Backups and Restores¶
Caveat¶
We try to protect your data, but ultimately you need to keep copies of your most vital files elsewhere.
Home directories¶
We do backup all users' home directories on a nightly basis in 2 manners. First we use ZFS snapshots to create a point-in-time view of the home directory. We maintain 2 week's work of snapshots, so if you need to recover a file from your home directory to a state that it was in within the last 2 weeks, you can restore you files using the instructions in the Self Service Restores section below.
We also do nightly disk-to-disk backups from the cluster located at Bayview to a storage array in the BSPH building. We retain snapshots of these backups using what is commonly called a Grandfather-Father-Son (GFS) backups scheme (or Grandparent-Parent-Child using non-gendered terminology).
So, we have daily backups that we keep for 1 week, weekly backups (taken on Sunday) that we keep for 1 month, monthly backups (taken on the 1st of the month) that we keep for 1 year, and yearly backups (taken on January 1st) that we keep for 10 years.
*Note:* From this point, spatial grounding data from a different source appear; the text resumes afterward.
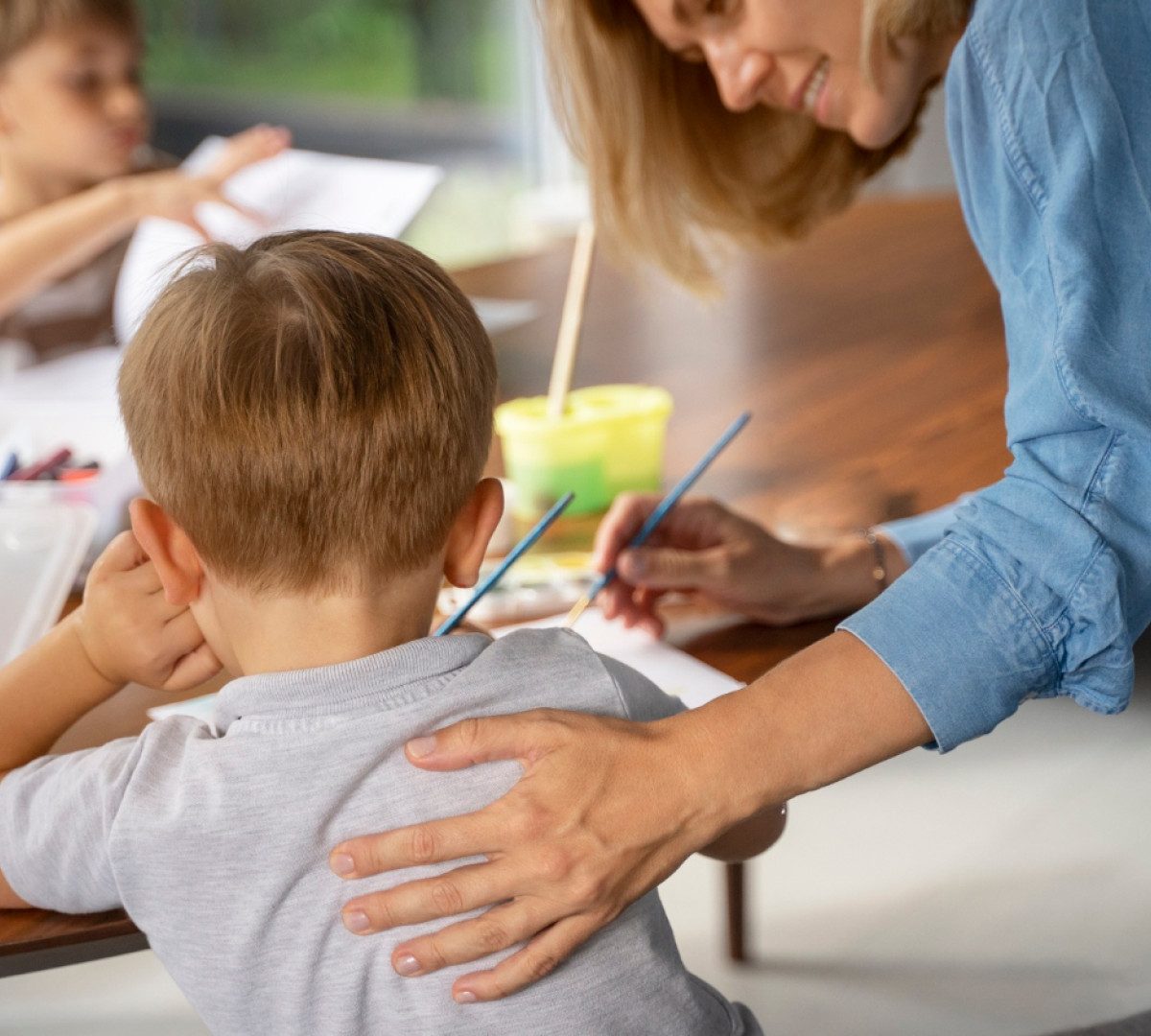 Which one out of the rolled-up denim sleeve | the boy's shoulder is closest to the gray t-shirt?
the boy's shoulder

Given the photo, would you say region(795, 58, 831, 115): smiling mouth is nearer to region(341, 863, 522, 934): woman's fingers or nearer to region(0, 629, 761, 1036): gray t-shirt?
region(0, 629, 761, 1036): gray t-shirt

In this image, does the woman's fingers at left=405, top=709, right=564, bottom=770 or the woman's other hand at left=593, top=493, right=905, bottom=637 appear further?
the woman's other hand at left=593, top=493, right=905, bottom=637

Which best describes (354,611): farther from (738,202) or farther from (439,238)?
(439,238)

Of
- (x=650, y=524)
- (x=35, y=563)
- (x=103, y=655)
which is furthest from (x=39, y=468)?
(x=650, y=524)

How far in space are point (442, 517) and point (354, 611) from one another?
0.07m

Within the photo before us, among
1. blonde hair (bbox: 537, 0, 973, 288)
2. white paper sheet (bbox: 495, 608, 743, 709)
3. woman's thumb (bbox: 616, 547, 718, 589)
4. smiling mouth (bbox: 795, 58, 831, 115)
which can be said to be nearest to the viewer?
white paper sheet (bbox: 495, 608, 743, 709)

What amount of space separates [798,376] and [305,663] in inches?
41.1

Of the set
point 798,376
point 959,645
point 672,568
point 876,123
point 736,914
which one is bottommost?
point 736,914

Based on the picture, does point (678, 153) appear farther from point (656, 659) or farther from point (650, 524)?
point (656, 659)

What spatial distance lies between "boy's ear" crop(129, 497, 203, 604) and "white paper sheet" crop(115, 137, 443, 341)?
0.72 metres

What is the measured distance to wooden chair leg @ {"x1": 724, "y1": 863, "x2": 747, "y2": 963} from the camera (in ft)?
5.87

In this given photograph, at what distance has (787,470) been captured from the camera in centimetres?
148

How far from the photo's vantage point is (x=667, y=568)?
46.8 inches

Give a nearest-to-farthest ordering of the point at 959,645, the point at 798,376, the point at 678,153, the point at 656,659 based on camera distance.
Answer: the point at 959,645 < the point at 656,659 < the point at 678,153 < the point at 798,376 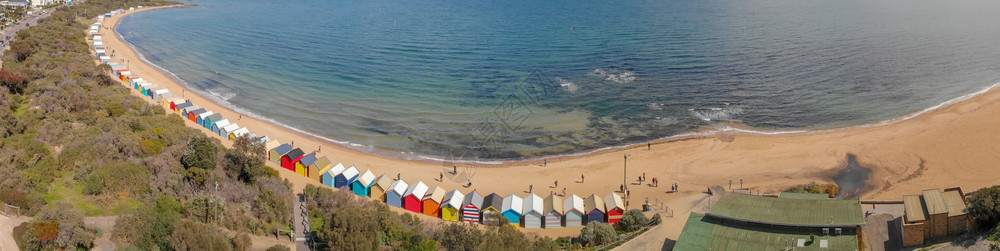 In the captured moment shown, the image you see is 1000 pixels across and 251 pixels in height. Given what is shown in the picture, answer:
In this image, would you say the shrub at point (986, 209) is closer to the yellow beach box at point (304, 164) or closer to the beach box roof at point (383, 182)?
the beach box roof at point (383, 182)

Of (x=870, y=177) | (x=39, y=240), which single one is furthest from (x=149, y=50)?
(x=870, y=177)

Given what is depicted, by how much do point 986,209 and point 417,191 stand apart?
27.9 metres

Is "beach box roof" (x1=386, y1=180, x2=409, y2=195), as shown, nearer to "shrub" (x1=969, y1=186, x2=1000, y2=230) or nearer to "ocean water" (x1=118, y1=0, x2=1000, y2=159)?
"ocean water" (x1=118, y1=0, x2=1000, y2=159)

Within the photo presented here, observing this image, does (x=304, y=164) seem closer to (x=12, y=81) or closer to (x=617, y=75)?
(x=12, y=81)

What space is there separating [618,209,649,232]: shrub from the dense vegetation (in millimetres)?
17407

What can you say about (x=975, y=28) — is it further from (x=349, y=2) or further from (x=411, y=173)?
(x=349, y=2)

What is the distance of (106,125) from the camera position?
1539 inches

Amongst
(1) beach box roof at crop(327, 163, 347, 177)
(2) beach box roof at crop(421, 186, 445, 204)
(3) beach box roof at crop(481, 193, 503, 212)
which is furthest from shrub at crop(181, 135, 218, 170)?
(3) beach box roof at crop(481, 193, 503, 212)

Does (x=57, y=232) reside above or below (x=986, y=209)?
below

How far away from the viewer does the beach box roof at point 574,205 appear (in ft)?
107

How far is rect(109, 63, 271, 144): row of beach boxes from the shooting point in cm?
4581

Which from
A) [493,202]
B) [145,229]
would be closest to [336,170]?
[493,202]

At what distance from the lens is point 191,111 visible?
4978 centimetres

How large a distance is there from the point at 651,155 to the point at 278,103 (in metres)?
36.8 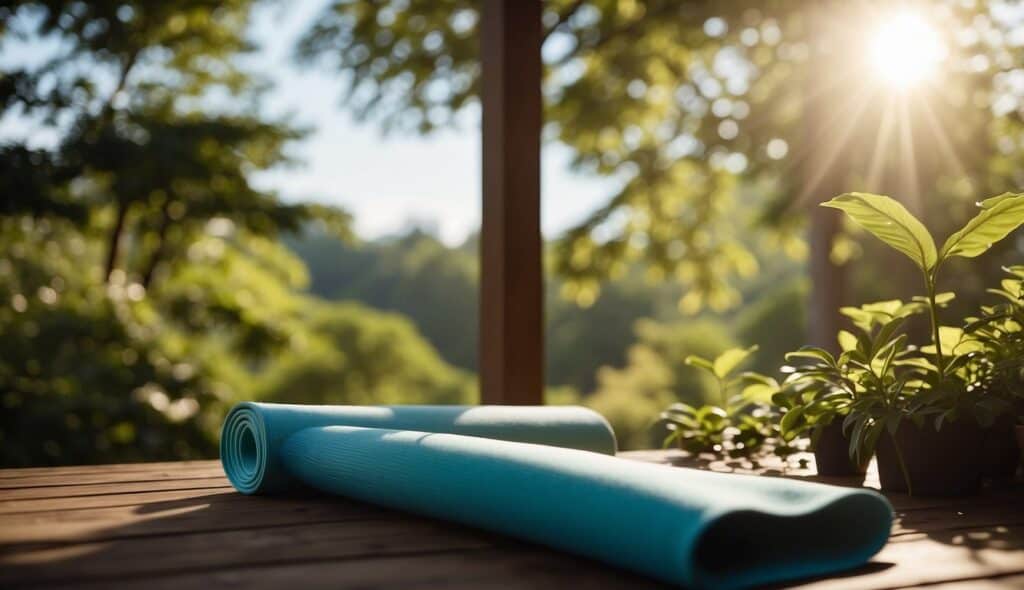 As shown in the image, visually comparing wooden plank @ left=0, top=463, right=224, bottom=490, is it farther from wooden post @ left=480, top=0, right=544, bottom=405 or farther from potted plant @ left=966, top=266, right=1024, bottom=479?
potted plant @ left=966, top=266, right=1024, bottom=479

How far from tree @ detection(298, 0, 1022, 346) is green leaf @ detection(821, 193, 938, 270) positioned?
186 inches

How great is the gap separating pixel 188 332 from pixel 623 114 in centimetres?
405

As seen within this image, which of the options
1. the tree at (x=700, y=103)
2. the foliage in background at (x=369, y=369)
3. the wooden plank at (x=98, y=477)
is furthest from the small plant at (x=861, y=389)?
the foliage in background at (x=369, y=369)

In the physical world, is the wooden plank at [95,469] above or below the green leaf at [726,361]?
below

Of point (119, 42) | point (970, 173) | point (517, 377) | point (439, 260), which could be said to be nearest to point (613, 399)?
point (439, 260)

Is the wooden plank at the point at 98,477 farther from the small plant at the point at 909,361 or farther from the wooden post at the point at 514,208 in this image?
the small plant at the point at 909,361

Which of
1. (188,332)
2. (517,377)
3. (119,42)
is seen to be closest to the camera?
(517,377)

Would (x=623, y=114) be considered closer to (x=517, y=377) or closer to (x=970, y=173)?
(x=970, y=173)

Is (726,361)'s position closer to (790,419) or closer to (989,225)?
(790,419)

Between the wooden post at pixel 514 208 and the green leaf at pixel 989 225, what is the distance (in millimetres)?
1100

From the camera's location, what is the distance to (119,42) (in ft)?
22.9

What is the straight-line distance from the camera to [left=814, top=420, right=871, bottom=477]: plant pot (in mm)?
1862

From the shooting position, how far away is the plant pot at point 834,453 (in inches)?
73.3

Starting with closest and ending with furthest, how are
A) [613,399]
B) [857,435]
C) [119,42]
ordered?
[857,435], [119,42], [613,399] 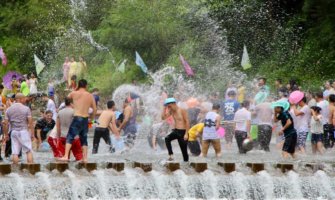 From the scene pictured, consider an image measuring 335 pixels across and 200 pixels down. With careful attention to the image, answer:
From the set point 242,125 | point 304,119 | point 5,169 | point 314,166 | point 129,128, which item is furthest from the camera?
point 129,128

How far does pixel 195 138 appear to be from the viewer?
22.7 metres

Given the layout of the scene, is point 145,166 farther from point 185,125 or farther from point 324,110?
point 324,110

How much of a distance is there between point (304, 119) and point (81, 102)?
5.83 m

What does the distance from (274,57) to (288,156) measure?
59.4ft

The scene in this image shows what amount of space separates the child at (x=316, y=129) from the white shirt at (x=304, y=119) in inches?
17.6

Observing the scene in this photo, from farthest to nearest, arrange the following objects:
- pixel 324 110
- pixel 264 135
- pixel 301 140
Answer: pixel 324 110 → pixel 264 135 → pixel 301 140

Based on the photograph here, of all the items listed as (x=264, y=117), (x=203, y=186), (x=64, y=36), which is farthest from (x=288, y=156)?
(x=64, y=36)

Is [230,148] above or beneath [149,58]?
beneath

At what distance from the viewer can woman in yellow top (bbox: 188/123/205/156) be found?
22484 millimetres

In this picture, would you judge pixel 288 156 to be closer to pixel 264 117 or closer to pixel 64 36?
pixel 264 117

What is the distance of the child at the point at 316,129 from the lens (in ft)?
75.9

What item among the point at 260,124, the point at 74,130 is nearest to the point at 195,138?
the point at 260,124

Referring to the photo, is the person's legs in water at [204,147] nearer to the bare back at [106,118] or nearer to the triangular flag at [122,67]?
the bare back at [106,118]

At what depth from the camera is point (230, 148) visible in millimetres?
24797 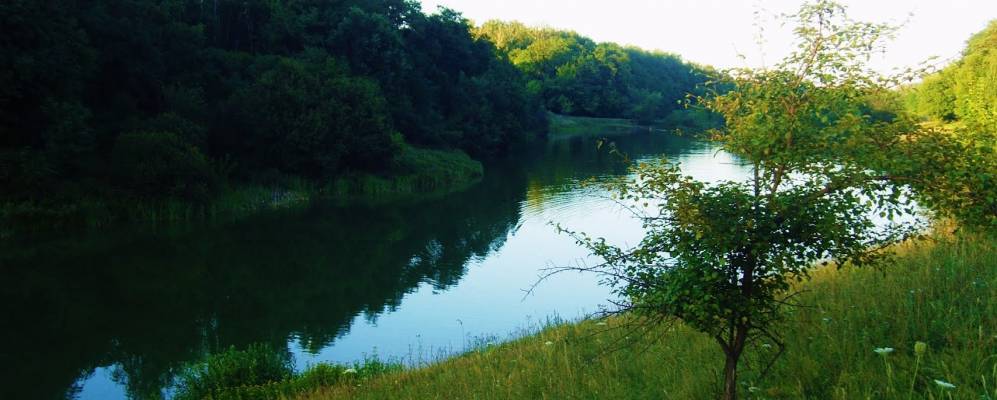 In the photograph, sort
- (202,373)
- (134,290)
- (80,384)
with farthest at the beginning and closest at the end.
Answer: (134,290)
(80,384)
(202,373)

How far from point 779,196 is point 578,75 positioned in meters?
113

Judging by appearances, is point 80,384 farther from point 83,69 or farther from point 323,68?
point 323,68

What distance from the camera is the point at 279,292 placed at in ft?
67.0

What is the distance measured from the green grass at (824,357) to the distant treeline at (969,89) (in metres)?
1.37

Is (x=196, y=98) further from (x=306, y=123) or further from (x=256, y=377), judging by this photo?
(x=256, y=377)

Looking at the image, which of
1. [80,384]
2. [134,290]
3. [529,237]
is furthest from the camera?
[529,237]

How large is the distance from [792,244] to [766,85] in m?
1.24

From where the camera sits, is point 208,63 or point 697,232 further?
point 208,63

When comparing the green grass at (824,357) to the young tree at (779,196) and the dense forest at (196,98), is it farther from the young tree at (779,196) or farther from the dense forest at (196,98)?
the dense forest at (196,98)

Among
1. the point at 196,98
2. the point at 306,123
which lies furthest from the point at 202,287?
the point at 306,123

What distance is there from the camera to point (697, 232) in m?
4.73

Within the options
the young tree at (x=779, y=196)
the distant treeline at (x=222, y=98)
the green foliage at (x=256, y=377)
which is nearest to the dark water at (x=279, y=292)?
the green foliage at (x=256, y=377)

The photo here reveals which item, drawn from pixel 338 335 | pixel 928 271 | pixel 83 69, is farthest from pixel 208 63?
pixel 928 271

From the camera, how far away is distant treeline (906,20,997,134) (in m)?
5.88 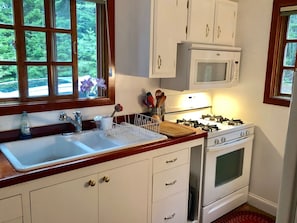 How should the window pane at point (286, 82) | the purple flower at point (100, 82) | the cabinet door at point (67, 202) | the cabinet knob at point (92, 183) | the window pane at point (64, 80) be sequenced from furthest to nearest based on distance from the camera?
the window pane at point (286, 82), the purple flower at point (100, 82), the window pane at point (64, 80), the cabinet knob at point (92, 183), the cabinet door at point (67, 202)

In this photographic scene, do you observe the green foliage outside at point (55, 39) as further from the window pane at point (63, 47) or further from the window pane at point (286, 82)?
the window pane at point (286, 82)

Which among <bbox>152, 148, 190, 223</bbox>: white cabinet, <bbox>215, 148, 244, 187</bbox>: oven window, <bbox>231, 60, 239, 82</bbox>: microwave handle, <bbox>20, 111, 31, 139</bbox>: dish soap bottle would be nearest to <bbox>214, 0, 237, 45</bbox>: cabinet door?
<bbox>231, 60, 239, 82</bbox>: microwave handle

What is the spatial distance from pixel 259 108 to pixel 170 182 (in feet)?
4.45

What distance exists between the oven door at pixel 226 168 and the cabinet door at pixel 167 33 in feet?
2.66

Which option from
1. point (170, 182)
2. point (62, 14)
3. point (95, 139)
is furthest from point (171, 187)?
point (62, 14)

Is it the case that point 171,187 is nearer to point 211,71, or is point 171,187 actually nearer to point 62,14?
point 211,71

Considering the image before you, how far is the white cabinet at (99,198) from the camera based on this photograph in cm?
150

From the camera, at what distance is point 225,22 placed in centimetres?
279

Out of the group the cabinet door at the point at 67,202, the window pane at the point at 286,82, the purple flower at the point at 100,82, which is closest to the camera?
the cabinet door at the point at 67,202

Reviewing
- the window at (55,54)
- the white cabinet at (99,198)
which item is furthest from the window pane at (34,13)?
A: the white cabinet at (99,198)

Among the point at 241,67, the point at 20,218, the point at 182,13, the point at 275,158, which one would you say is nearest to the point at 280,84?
the point at 241,67

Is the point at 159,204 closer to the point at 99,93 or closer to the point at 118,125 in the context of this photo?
the point at 118,125

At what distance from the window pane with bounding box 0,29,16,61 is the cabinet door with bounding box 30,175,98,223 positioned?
3.27 feet

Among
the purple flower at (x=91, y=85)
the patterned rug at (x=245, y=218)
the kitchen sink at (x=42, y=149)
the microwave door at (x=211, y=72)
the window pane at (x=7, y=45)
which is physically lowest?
the patterned rug at (x=245, y=218) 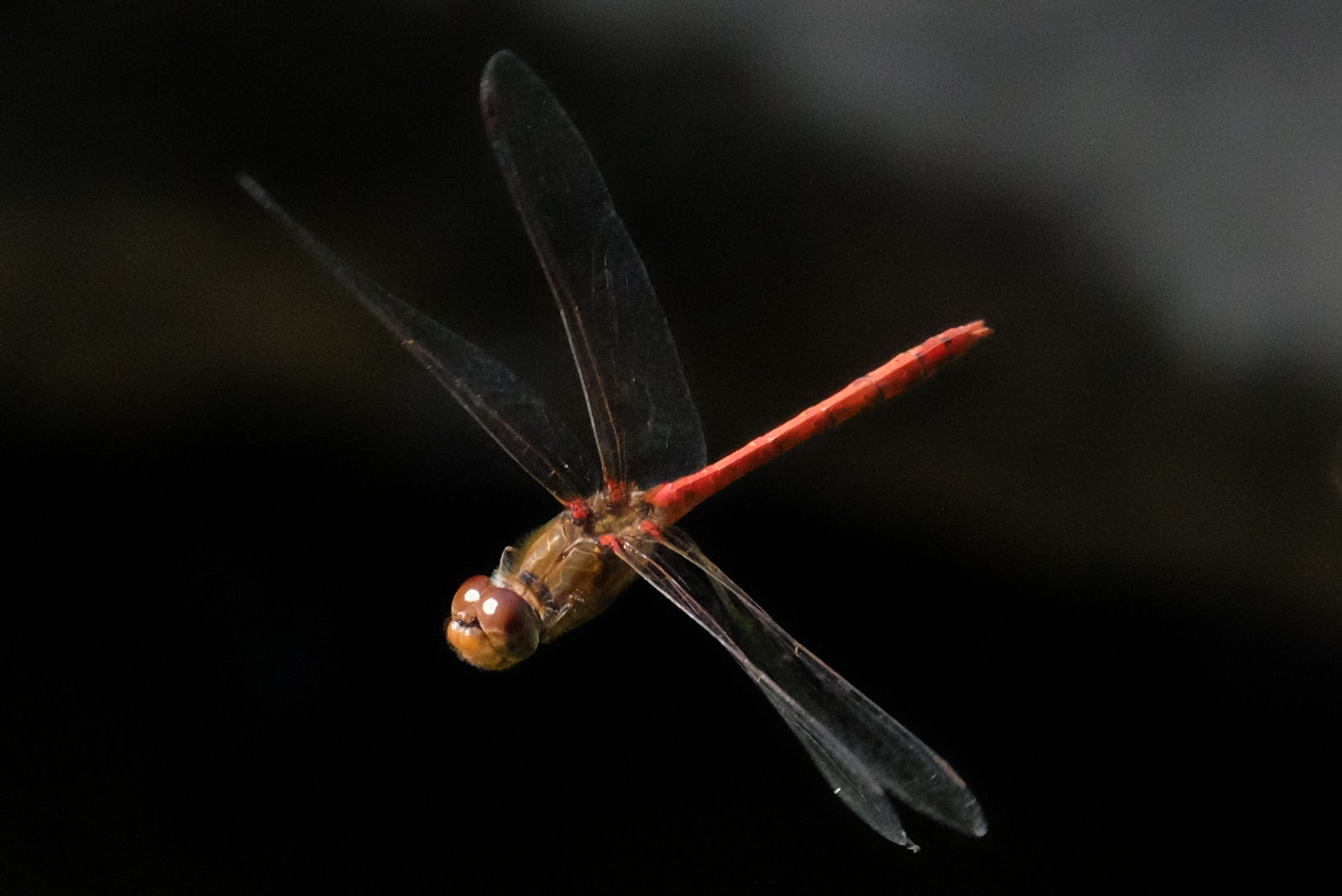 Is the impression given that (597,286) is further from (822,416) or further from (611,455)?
(822,416)

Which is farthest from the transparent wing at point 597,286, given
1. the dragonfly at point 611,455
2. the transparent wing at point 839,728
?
the transparent wing at point 839,728

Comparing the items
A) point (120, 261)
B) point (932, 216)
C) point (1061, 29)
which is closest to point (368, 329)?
point (120, 261)

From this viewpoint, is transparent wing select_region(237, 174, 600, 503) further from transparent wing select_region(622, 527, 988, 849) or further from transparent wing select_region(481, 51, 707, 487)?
transparent wing select_region(622, 527, 988, 849)

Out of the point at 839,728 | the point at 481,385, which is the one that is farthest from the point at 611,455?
the point at 839,728

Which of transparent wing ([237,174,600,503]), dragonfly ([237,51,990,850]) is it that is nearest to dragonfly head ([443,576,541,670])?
dragonfly ([237,51,990,850])

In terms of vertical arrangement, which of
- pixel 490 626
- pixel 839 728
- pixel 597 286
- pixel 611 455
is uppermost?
pixel 597 286

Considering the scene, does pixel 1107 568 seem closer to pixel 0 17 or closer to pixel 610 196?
pixel 610 196
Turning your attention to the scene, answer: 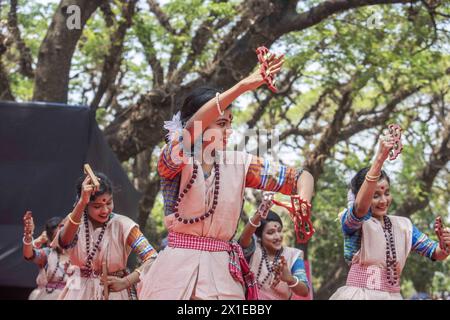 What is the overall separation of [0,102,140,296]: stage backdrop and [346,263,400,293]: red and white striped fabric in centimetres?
408

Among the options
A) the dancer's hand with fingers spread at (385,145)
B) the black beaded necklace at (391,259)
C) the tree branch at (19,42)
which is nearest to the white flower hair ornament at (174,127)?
the dancer's hand with fingers spread at (385,145)

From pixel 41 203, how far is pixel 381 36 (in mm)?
6404

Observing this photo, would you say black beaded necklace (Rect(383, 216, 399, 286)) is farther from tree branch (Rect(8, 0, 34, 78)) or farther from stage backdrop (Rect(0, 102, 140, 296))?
tree branch (Rect(8, 0, 34, 78))

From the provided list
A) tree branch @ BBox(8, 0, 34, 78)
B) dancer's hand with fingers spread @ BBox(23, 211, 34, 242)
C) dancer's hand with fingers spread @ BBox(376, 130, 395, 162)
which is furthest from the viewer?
tree branch @ BBox(8, 0, 34, 78)

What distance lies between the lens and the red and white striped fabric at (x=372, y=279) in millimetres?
5457

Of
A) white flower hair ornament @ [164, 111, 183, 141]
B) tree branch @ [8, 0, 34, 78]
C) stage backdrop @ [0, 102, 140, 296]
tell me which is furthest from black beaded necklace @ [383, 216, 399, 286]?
tree branch @ [8, 0, 34, 78]

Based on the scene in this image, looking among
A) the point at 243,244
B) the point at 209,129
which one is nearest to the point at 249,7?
the point at 243,244

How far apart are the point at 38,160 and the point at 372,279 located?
180 inches

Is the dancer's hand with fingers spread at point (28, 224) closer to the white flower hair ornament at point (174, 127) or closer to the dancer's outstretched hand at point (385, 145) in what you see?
the white flower hair ornament at point (174, 127)

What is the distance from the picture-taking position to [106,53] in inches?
483

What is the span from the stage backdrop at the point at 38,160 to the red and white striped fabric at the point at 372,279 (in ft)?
13.4

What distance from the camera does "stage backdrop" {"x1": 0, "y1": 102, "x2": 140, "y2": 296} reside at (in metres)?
8.83

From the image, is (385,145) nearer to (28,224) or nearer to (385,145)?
(385,145)

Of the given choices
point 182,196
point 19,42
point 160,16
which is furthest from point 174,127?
point 160,16
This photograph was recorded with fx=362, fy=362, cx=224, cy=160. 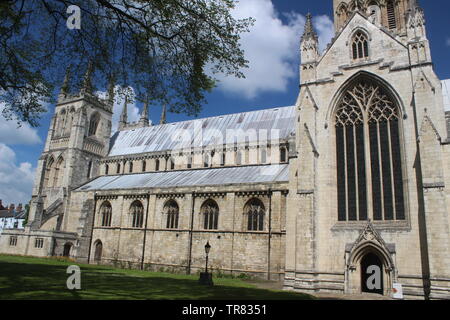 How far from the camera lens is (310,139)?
943 inches

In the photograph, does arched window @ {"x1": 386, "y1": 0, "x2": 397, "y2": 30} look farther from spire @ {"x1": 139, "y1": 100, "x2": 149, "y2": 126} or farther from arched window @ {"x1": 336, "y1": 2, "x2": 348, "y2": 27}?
spire @ {"x1": 139, "y1": 100, "x2": 149, "y2": 126}

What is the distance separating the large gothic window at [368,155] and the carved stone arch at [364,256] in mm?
1428

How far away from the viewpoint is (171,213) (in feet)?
113

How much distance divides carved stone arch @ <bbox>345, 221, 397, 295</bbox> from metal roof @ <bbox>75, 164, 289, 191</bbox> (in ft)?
28.8

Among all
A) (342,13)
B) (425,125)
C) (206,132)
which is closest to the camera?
(425,125)

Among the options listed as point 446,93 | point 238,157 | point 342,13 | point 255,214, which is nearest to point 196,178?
point 238,157

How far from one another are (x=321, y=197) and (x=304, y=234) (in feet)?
9.05

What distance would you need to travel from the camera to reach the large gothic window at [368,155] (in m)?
21.9

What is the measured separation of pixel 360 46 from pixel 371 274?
15.0 m

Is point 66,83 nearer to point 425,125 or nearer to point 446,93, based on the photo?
point 425,125

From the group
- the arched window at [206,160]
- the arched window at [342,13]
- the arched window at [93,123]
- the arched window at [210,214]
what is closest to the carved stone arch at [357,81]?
the arched window at [342,13]

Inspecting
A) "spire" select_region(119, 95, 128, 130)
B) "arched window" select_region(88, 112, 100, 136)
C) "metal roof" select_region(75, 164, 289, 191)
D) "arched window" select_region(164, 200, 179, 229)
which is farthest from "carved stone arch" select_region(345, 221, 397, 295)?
"spire" select_region(119, 95, 128, 130)

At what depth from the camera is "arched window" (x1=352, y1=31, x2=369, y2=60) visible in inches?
962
So we wouldn't be able to recover a file as it looked on a specific date, say October 18, 2019, but we would have the file as it was on January 1st 2019 or 2020.
File recovery from the backup server would be done via a request to bitsupport@lists.jhu.edu.
Backing up other filesystems¶
In addition to home directories, we also have a number of PIs that have requested to have backups of their DCS and/or DCL spaces. We do charge for backing up project space, and backup space is billed space is via the standard JHPCE quarterly billing process. The cost has historically been about $20/TB/yr. If you are interested in backing up your project storage space, please email us at bitsupport@lists.jhu.edu.
Self Service Restores¶
We make snapshots of the /users file system for fourteen days (currently at 11:30pm). You can restore files you have deleted recently by changing directory to the appropriate location and then copying the file or files back to your home directory (or anywhere else you desire).
Files created and deleted in-between snapshots are not recoverable.
At any one time there are fourteen subdirectories in the path /users/.zfs/snapshot
Here is an example of looking through the collection of snapshots to find copies of a file you want to restore. Let's say that you deleted a file inside your home directory named susan that was stored in the absolute path /users/your-userid/bob/frank/susan
You can see from the ls -ld
output when the file existed and also the size of the possibly various versions of that file across the collection of snapshots (perhaps you changed it several times in the last two weeks).
cd /users/.zfs/snapshot
ls
2025-05-29-23:30/ 2025-06-01-23:30/ 2025-06-04-23:30/ 2025-06-07-23:30/ 2025-06-10-23:30/
2025-05-30-23:30/ 2025-06-02-23:30/ 2025-06-05-23:30/ 2025-06-08-23:30/ 2025-06-11-23:30/
2025-05-31-23:30/ 2025-06-03-23:30/ 2025-06-06-23:30/ 2025-06-09-23:30/ 2025-06-12-23:30/
HERE YOU RUN YOUR COMMANDS TO POKE AROUND AND IDENTIFY WHAT IS PRESENT
IN ANY PARTICULAR SNAPSHOT
SUCH AS LOOKING FOR A FILE NAMED "susan" AND CHECKING ON ITS DATE OR SIZE IN THE
VARIOUS SNAPSHOTS. (REPLACE "your-userid" WITH YOUR CLUSTER USERNAME.)
ls -ld */your-userid/project1/sample5/susan
cp -p 2024-02-16-23:00/your-userid/project1/sample5/susan $HOME/restored-susan
Tips:
- If restoring substantial amounts of data, please do that work on a compute node instead of a login node.
- Take care not to overwrite existing files in your home directory -- create a restore directory and put stuff in there, for example. Since snapshots are only made once a day, if you nuke files in-between snapshots you cannot get them back.
- Consider using command options which retain original timestamps or other attributes of a file. For
cp
that is-p
. For rsync there are a variety of options which impact the copying. The typically-used-a
("archive") flag is shorthand for a list of options, including-t
for timestamps. - If your files of restore interest include ones with ACL rules or symbolic links etc, you may need to use additional
rsync
arguments to keep those parameters.